Charles Perrault. Jean de la Fontaine. The Brothers Grimm.
Do these names mean anything to you? If not, then I must say you've had a very deprived childhood, for they are the names of the authors of the world's best-known and most-read fairy tales...or maybe not so deprived after all.
For quite a while now, even before the arrival of my nephew I'd been taking little jogs down memory lane thinking of all the stories that fired my imagination, the authors I adored and the books that were worn by repeated reading sessions during the vacations. On one of these many jogs, I chanced upon a collection of fairy tales by the Grimm brothers - the stories as it turned out, did complete justice to their name! I was quite appalled at the rather grim and depressing twist to all the stories! It was then, that I started thinking about the other fairy tales I knew - and surprisingly most of them had a depressing twist and very few actually had happy endings. I recently simplified the original story of Red Riding Hood (otherwise known as Le Petit Chaperon Rouge) by Charles Perrault, to narrate to my students and ofcourse it ends with Red Riding Hood being devoured by the wolf. My students didn't quite stomach the abrupt ending - most of them recalled a different, happier ending!

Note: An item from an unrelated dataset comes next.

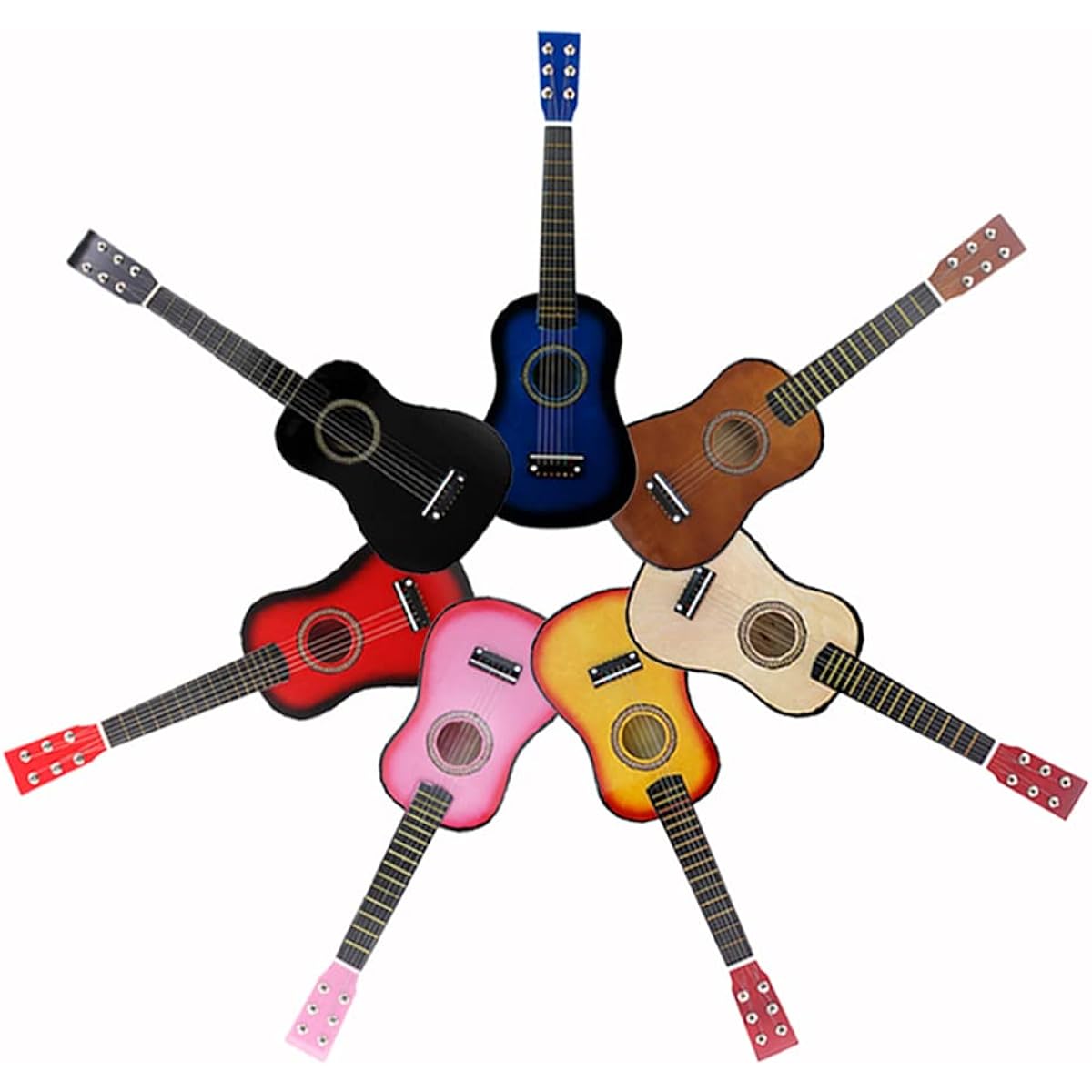 Alipis Folk Acoustic Guitar Musical Instrument 23 Inch 6 String Mini Guitar Classic Acoustic Guitar Beginner Adult Music Lover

Over the centuries some of the stories have been adapted and changed to end on a more happy note - but the originals were not as optimistic in their outlook towards life. I was actually quite disturbed by this - to think that this was the stuff children grew up on, stuff that told of children being eaten up wolves and witches, of wishes granted by fairies being wasted because of one's foolishness, of nasty stepmothers and evil godmothers! But then I realised that they didn't present a lop-sided image of the world (though imaginary) where everything went well and everyone was good. While some stories had grim endings, others ended on a happy note. Compare Red Riding Hood and The Sleeping Beauty. Even Blue Beard, that scary tale of the evil man who killed his wives, ended on a happy note.
Further reading into the subject revealed that the stories when first written weren't necessarily intended for the juvenile audience they are associated with today - a majority of the stories were penned for the purpose of narration around the community fire, and many were actually transcribed after years of being passed down by the oral tradition. It would be interested to study this further and understand how and why the stories evolved into being stories for children!
Having recently read some new books under the genre of Children's Literature, namely, The Giver and Walk Two Moons given to me by Extempore, I have been trying to find books like that. I was in Manney's recently (perhaps the best bookstore in Pune, dating back to 1948) and browsing through the children's section, where apart from the Enid Blyton's, Malory Towers, St.Clare's, Anne of Green Gables and the many classics that I associate with my own childhood, I saw the other books that today fall under the genre of Children's Literature.Without taking names, I must say I was glad I was born in a different century when children's literature was not so complicated, and even with the grim endings fairy tales were that and nothing more!